Top of EXCERPTED DATA

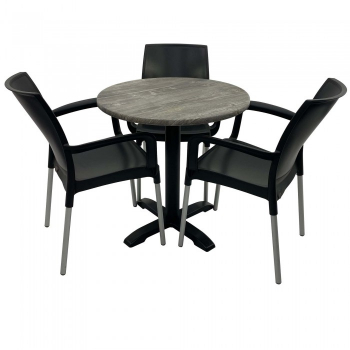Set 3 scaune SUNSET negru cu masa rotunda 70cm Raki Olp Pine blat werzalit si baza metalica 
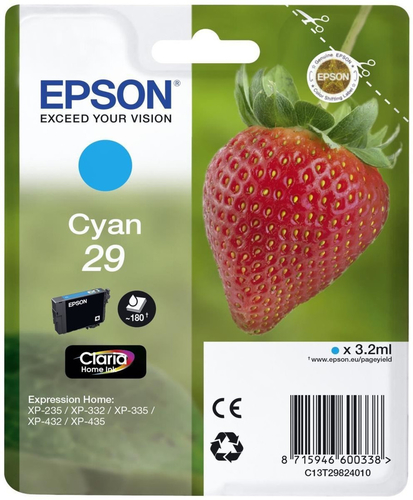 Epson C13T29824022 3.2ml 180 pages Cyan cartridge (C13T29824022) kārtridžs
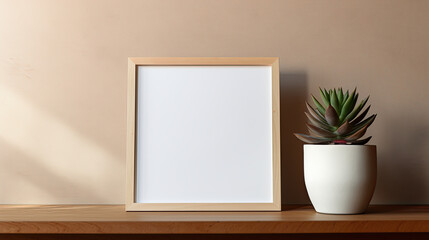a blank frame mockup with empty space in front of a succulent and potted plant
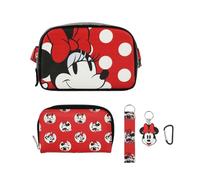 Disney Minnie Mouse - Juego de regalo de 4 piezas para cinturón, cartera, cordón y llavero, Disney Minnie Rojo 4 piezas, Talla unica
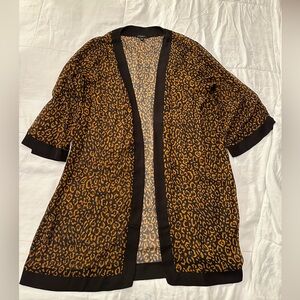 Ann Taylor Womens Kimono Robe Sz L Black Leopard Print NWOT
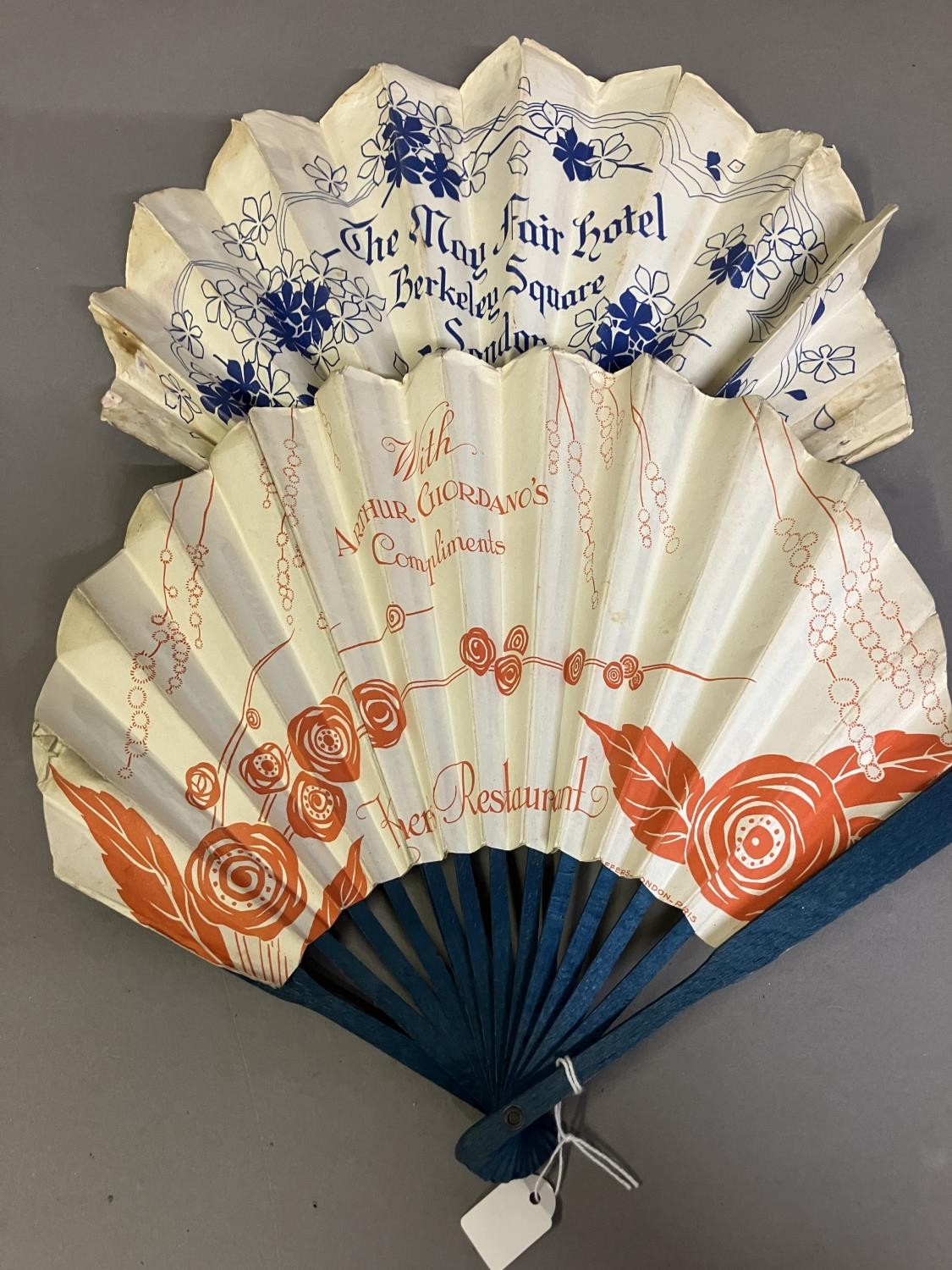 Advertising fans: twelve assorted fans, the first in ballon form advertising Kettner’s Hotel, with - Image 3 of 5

Bottom of EXCERPTED DATA

**EXERCISE DESCRIPTION:**
Exclude every picture, then reproduce the remaining data character for character.

**OUTPUT BELOW:**
Set 3 scaune SUNSET negru cu masa rotunda 70cm Raki Olp Pine blat werzalit si baza metalica 
 Epson C13T29824022 3.2ml 180 pages Cyan cartridge (C13T29824022) kārtridžs
a blank frame mockup with empty space in front of a succulent and potted plant
 Disney Minnie Mouse - Juego de regalo de 4 piezas para cinturón, cartera, cordón y llavero, Disney Minnie Rojo 4 piezas, Talla unica
 Ann Taylor Womens Kimono Robe Sz L Black Leopard Print NWOT
 Advertising fans: twelve assorted fans, the first in ballon form advertising Kettner’s Hotel, with - Image 3 of 5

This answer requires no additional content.